It can be difficult to determine if a person is experiencing an opiate overdose or simply high on the drug. For this reason, many people shy away from taking the necessary steps when they realize a person is in trouble and requires medical attention.
Note: if an opiate overdose is not treated in the appropriate manner, the chance of serious injury, illness, or death is very real.
An opiate overdose can occur when a person misuses a prescription drug or a street drug, such as heroin. Either way, the end result will be the same.
Symptoms of an Opiate High
Before we get into the finer details of an overdose, let’s take a look at the symptoms associated with somebody who is extremely high on the drug:
- Slurred speech
- Itchy skin
- Muscle weakness
- Pupils will contract
If you are concerned that a person is too high on this drug, it is essential to stay by their side for the time being.
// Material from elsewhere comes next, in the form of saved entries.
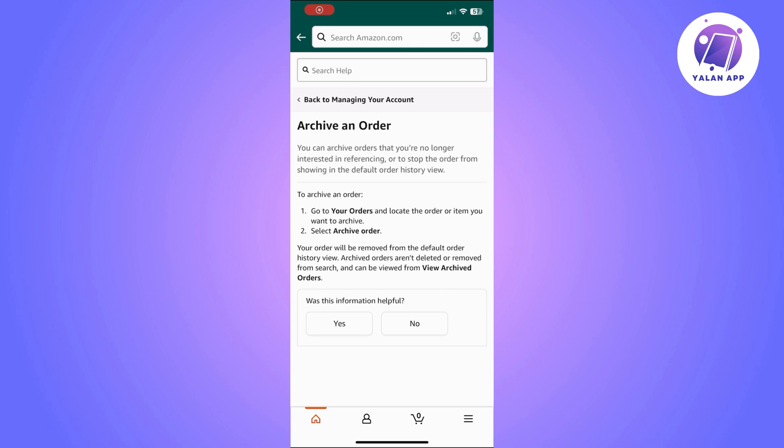There isn't an official way to do it, but you can delete it the way I have shown you. You can also choose to send Amazon feedback about this so they may provide an official way to do it.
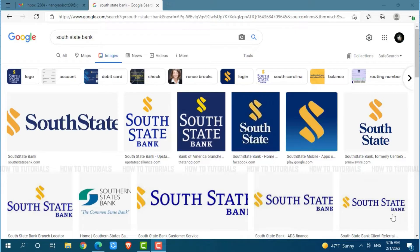South State Bank is the largest bank based in South Carolina and a subsidiary of South State Corporation, a bank holding company. South State Bank provides consumer, commercial, mortgage and wealth management solutions throughout the Carolinas, Georgia and Virginia.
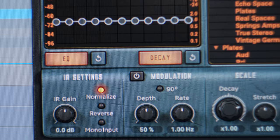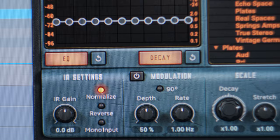To load the impulse responses from SnowVerbs I'm using Convology XT. It's a free plugin and it gives you lots of options to control the processing. First you will hear the piano phrase with no reverb, and after that you will hear the same phrase with different impulse responses from SnowVerbs.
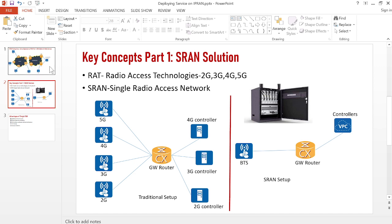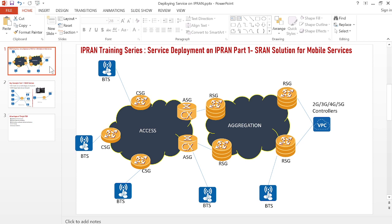This concludes the first part of our service deployment discussion — an introduction to the SRAN solution. In upcoming videos, we'll shift to discussing how we do the design for services. We need IP address planning for different technologies, VLAN design, and service segmentation to carry all services on our IPRAN network. We'll cover IP address design, VLAN design, and VPN instance design to ensure our services run correctly on the transmission network. Thank you for watching — please subscribe and stay tuned.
You do not want to leave them alone, as there is a chance they could have overdosed but you just don’t realize it yet.
Symptoms of Opiate Overdose
Here are some of the most common symptoms associated with opiate overdose:
- Body is limp
- Awake but not talking
- Clammy and/or pale face
- Lips and fingernails turning black or blue
- Slow and erratic breathing, possibly leading to breathing that has stopped
- Slow or no pulse
- Choking sounds
- Unresponsive to light and/or sound
Is the person making strange sounds while “sleeping?” If so, you should attempt to wake the person up. You may believe the person is simply snoring, however, he or she could be facing an opiate overdose. If you step in at this time, you may be able to provide the help necessary to save a life.
It is uncommon for a person to immediately die following an overdose. Instead, this often times happens after several hours. A person is able to overcome an opiate overdose if they have somebody available to help them during this time. Those who are left alone have a much smaller chance of making it through this time.
When somebody overdoses on opiates, the chance of death is very real. That being said, it is not a given. There is help to be had, and the sooner a person receives the assistance of a medical professional the better off they will be.
There is a fine line between being high on an opiate and overdosing. It is better to be safe than sorry if you come across a person who has consumed a large amount of this drug.